Sunday, May 24, 2015

Working Up My TED Talk

I always say that one of the best perks of being an author is befriending other authors I love to read. Here's me and the amazing Jennifer Estep at the RT Convention. I have mad love for her assassin heroine Gin and her Elemental Assassin series. And not only because she's up to 14 books in that series. The woman is a powerhouse. Dayum. We got to sit and have a long conversation, which is just my favorite things about conventions - picking each others' brains, hearing other perspectives on both our art and the business.

It's like having a week's worth of intimate TED talks.

I'm fascinated by TED talks and listen to/watch them over the internet from time to time. Which is saying a lot because I really don't like to spend the chunks of time that can require. My days are pretty packed and stuff like that feels like a diversion from the work I need to accomplish. But I also love the concept - "Ideas Worth Spreading" - and some of the talks have really opened my mind. Some favorites are Amanda Palmer's The Art of Asking, Stella Young's incisive breakdown of "Inspiration Porn," Eli Pariser's eye-opening discussion of online "filter bubbles," and Elizabeth Gilbert's wonderful discussion of creative genius.

(Apologies if I just sent you down a rabbit hole of TED talk watching...)

At any rate, I contemplate sometimes what I would say, given the opportunity to give my own TED talk, which is why I suggested this topic for the Bordello. I figured it would make me think about it in a more focused way and I want to hear what the other Word Whores would say.

But when I sat down to write this post, I still didn't have a clear idea. I have about ten-thousand pieces, but not a single, concise thought. Which left me feeling daunted until I realized that's partly what the TED process is about. A colleague of mine - from the day job - did a local one on drinking water. She told me that she worked and reworked her talk with extensive coaching from the TED people. They kept telling her that they didn't really feel her passion for clean drinking water and that it was a revelatory process for her to dig into what that really meant to her.
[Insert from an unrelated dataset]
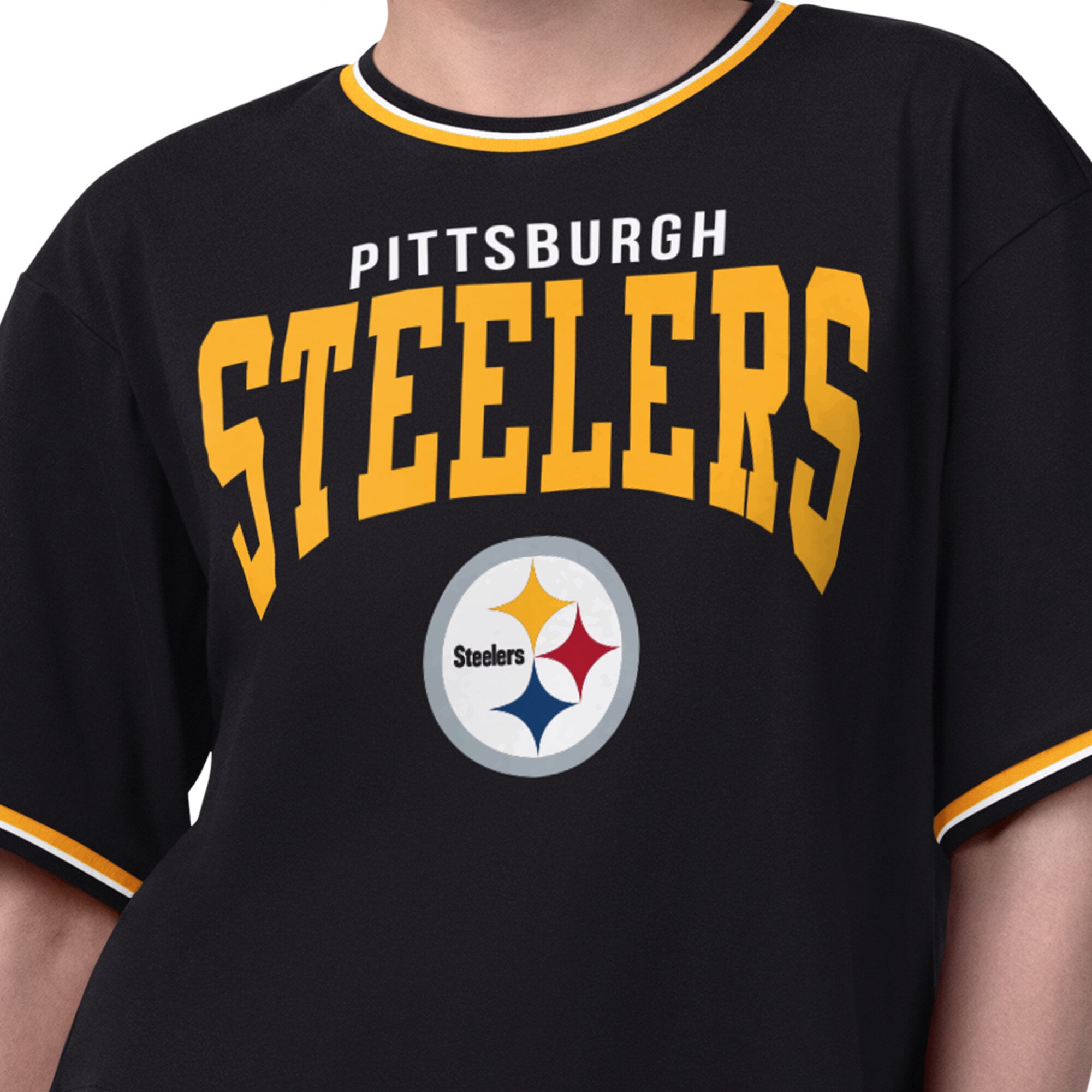 T-shirt court Starter noir pour femmes, Pittsburgh Steelers Ace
The point then, I suppose, is that I wouldn't need a perfectly clear concept to begin with. That's how essay-writing always worked for me. I started with a nugget of an idea, a pivotal moment, and explored it. That's how I cemented my process of writing for discovery, no doubt.

I think I'd want to talk about balance, the concept of the middle path. In my bio, I used to say that I'm a fence-sitter - something I later took out because people interpreted that as me being indecisive, neither here nor there, which isn't very accurate. No, by that I mean that I'm a right-down-the-middle person. On most tests, I come out balanced. I'm equally right- and left-brained. My writing voice is equally male and female. I'm neither Type A nor Type B, but an equal measure of both. Though I come out as an INTJ on the Meyers-Briggs test, I'm mildly so on all four parts and could easily tip into the opposite designation.

Which is why it should be no surprise that I'm both a scientist and a writer of romance and fantasy. Once I told my agent a true story that involved me using a pendulum to dowse and how I inadvertently caught the attention of something vengeful and not-quite human. He exclaimed, "My God, Jeffe - you're a scientist!"

Yes, I am.

And as such, I'm a believer in empirical evidence. This is why I double-majored in college, in biology and comparative religious studies (another two-sided aspect) - because I see both sides of the world. That which is material and that which is immaterial.

That is what I'd talk about.

Wouldn't it be fun if I got to, someday?